Recorded information:
╔══

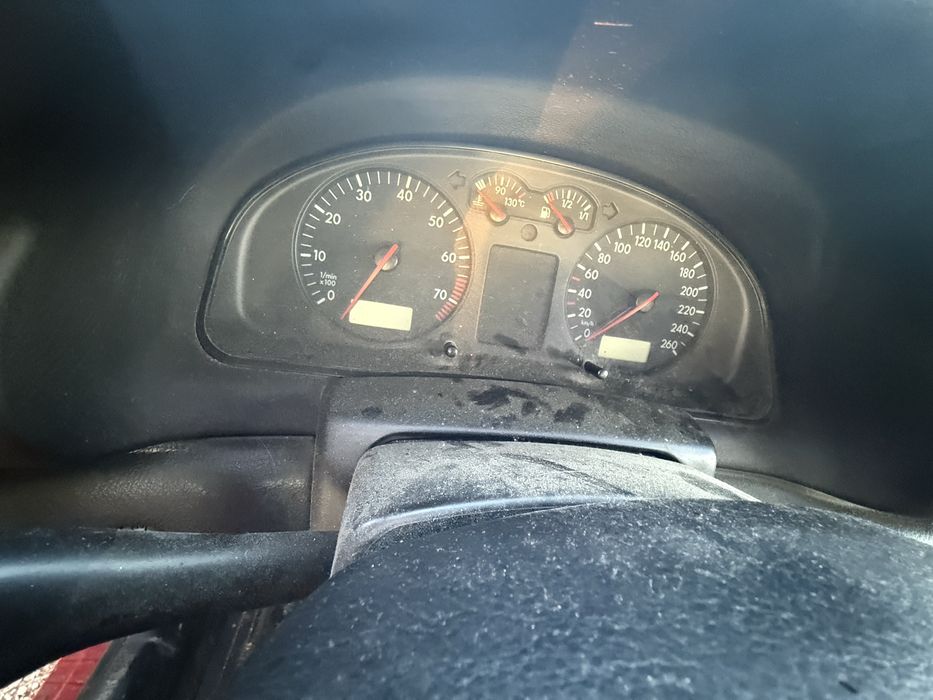 Фолксваген Пасат Б5 1.6 100 кс 1999г на части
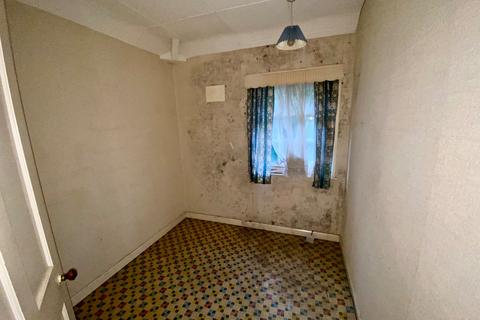 138 Lynfield Drive, Bradford, BD9 6ET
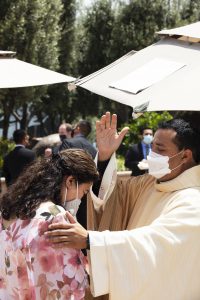Father Sergio Hidalgo gives first blessings to guests in the Cathedral Plaza after the Ordination Mass. (Victor Alemán)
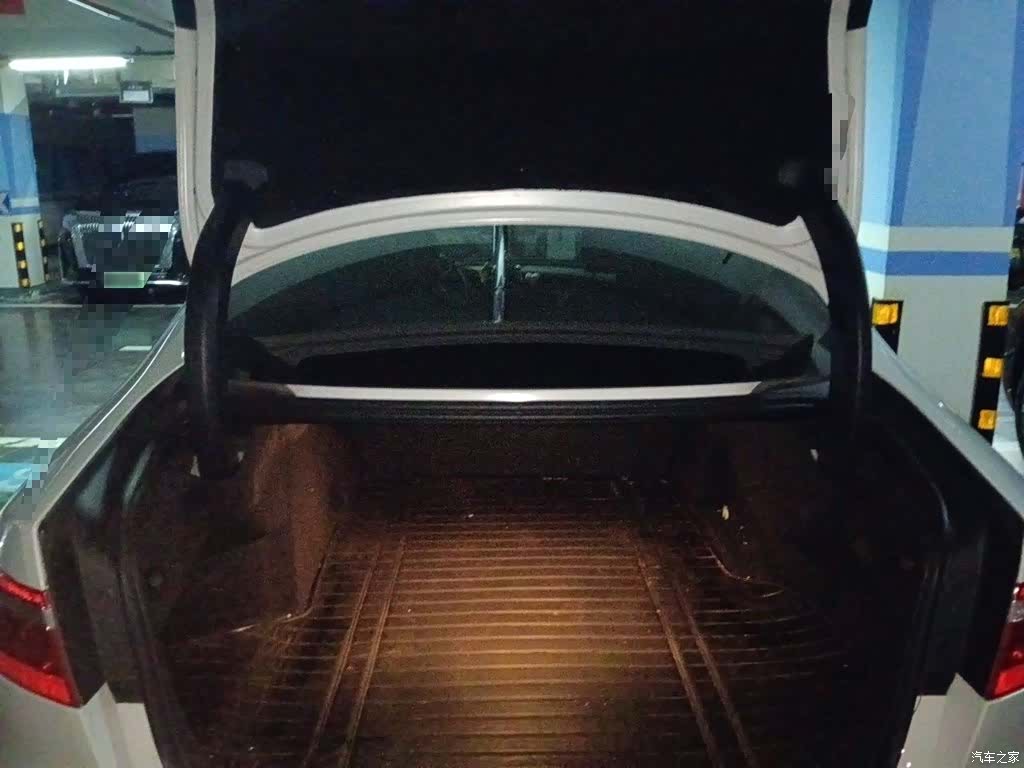 Land Rover XFL, 2018 10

╚══

Your assignment:
Your copy of the data should match it exactly, apart from the images, which are omitted.

Answer to the exercise:
 Фолксваген Пасат Б5 1.6 100 кс 1999г на части
 138 Lynfield Drive, Bradford, BD9 6ET
Father Sergio Hidalgo gives first blessings to guests in the Cathedral Plaza after the Ordination Mass. (Victor Alemán)
 Land Rover XFL, 2018 10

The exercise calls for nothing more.